Alternatives Considered¶
A — Require all ROI coordinates to be in the raster's native CRS¶
Rejected. Users cannot be expected to know that CDL is EPSG:5070 and to supply metre-valued coordinates. WGS 84 degrees are the universal lingua franca for geographic bboxes.
B — Auto-detect whether coordinates look like degrees vs metres¶
Rejected. Heuristics based on magnitude are fragile (e.g. UTM Zone 14N
eastings overlap valid degree ranges for other projections). Explicit roi_crs
is unambiguous and auditable.
C — Reproject the raster to WGS 84 at ingestion time¶
Rejected. Reprojecting the full raster would be slow, lossy (resampling artefacts), and would discard the native-CRS metadata needed for accurate area/distance calculations.

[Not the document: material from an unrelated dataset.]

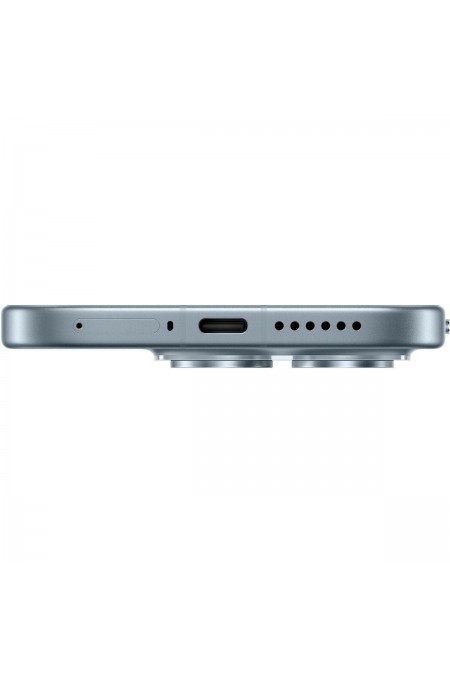 Смартфон Xiaomi 17 5G 12/512GB (NFC) (Global Version) (Без ЗУ) Ice Blue (голубой) 9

Reprojecting the small ROI bbox is fast and lossless.
Related Decisions¶
- ADR-001: Single-band raster processing — CRS reprojection reads band 1 only, consistent.
- ADR-002: BBox ROI only — reprojection applies to the bbox corners; no geometry complexity.

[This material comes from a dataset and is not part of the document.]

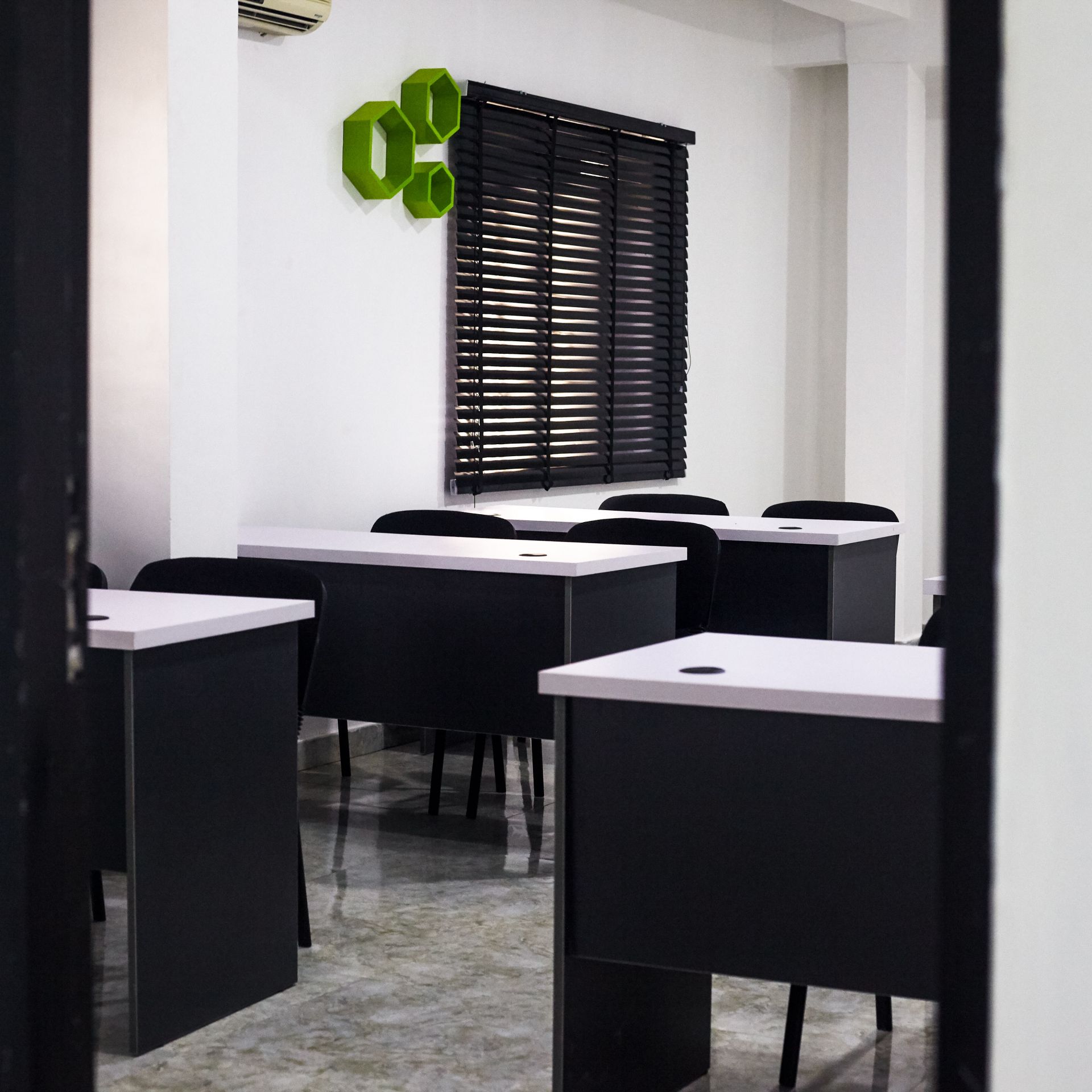 TecHub Spaces image 4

- ADR-003: Climate interpolation — spatial interpolation now operates in the corrected WGS 84 coordinates.
Future Enhancements¶
- Extend
roi.typeto support GeoJSON polygon ROIs with CRS-aware reprojection. - Validate that the reprojected ROI covers a non-trivial fraction of the raster to catch partially-overlapping misconfigurations.
- Expose raster native CRS in the run fingerprint / manifest for full provenance.